Igualmente fallida es la sala a oscuras de Felipe Talo, cortesía de la galería Alegría, con unas velas puestas sobre unos paneles de pintura medio intuida, que aspiran a la condición de espacio místico y no llegan a la de pasaje del terror. Mucho más relevante es la dialéctica de la oscuridad y lo luminoso que establecen las dos obras situadas en la escalera del edificio: El último resplandor, de Antonio Fernández Alvira, y Las mil y una noches, de Ignacio Bautista. Ambos artistas comparten con Xavier Mañosa, artífice de una fuente de cerámica que parece hormigón, una preocupación formalista por el trompe d’oeil de los materiales (en el caso de Fernández Alvira y Bautista: el papel que simula ser madera) que no por canónico, más aún después de Jeff Koons, deja de ser interesante.

En la misma línea el Salim Malla y su poliedro irregular compuesto de capturas de Google Maps, avalado por la galería Silva, que quiere plantear una reflexión sobre la geometría del urbanismo cuya superficialidad no está reñida con el mérito estético.

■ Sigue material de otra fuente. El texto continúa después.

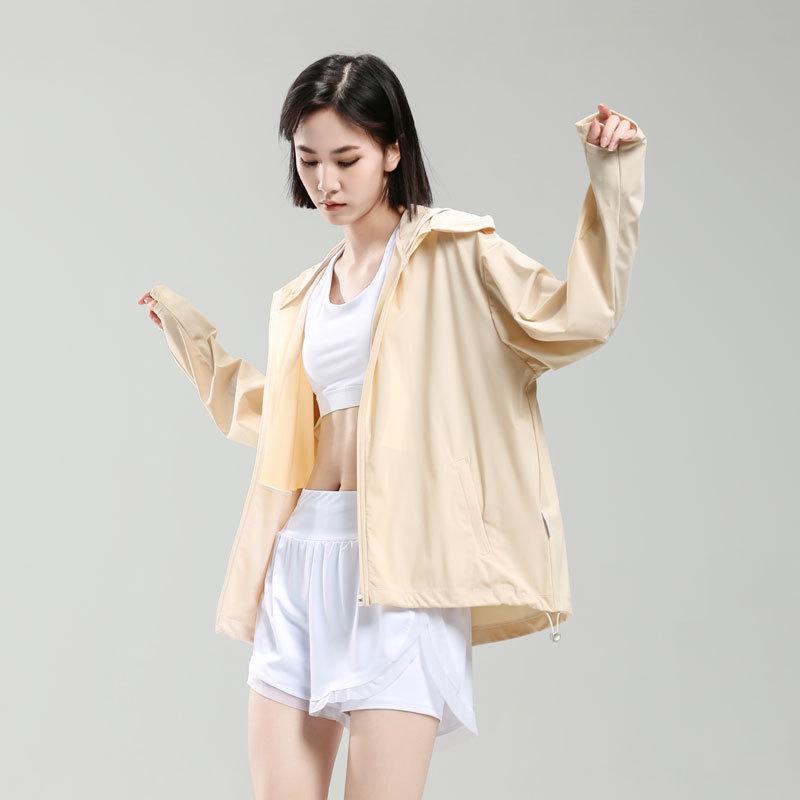 Women's Anti-UV Ice Silk Hooded Windbreaker - Breathable, Elastic, and Sun-Protective Summer Jacket for Climbing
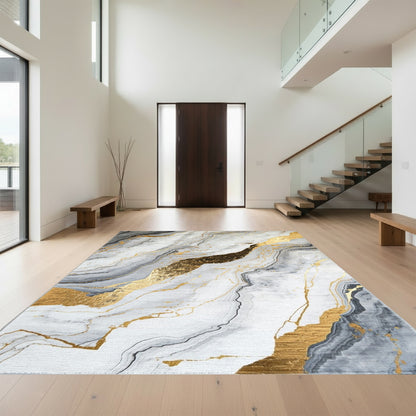 Gold Veined Gray Marble Rug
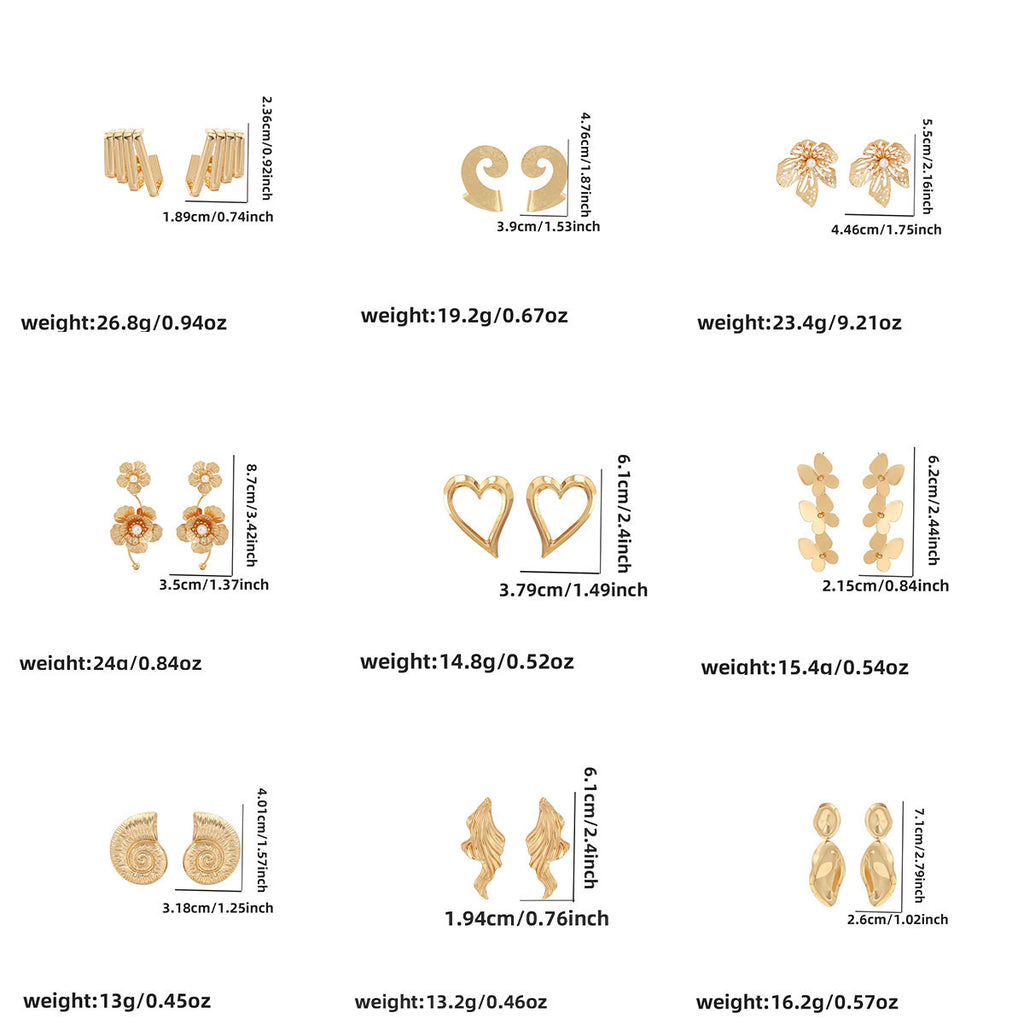 European and American light luxury high-end metal style simple personality earrings women's retro flower pearl hollow love earrings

Con todo, la aportación más decisiva a Casa Leibniz viene de parte de la galería Ángeles Baños, que contribuye con una serie de fotografías rescatadas de los archivos etnológicos por Andrés Pachón, donde los soldados coloniales son reducidos a una escala ridícula comparada con la aparición de las manchas de la humedad y del tiempo sobre las imágenes.

Pero sobre todo destacan los dibujos que ha realizado Manuel Antonio Domínguez sobre unos tratados de botánica donde se habla de ciertas flores hermafroditas, sobre las cuales ha dibujado Domínguez una conjunto de retratos bastante personales. Véase la presencia de individuos de sexualidad indefinida situados ante objetos de madera.

En conclusión, Casa Leibniz no deja de ser sintomática respecto de la apropiación del nombre de filósofos de todo tipo de pelaje por parte de una industria del arte cuyo desinterés por la filosofía de tales personajes no desmerece ni mucho menos la calidad del proyecto, en este caso infinitamente superior y digerible por encima de la alternativa puramente comercial de ARCO y sus mini-yos.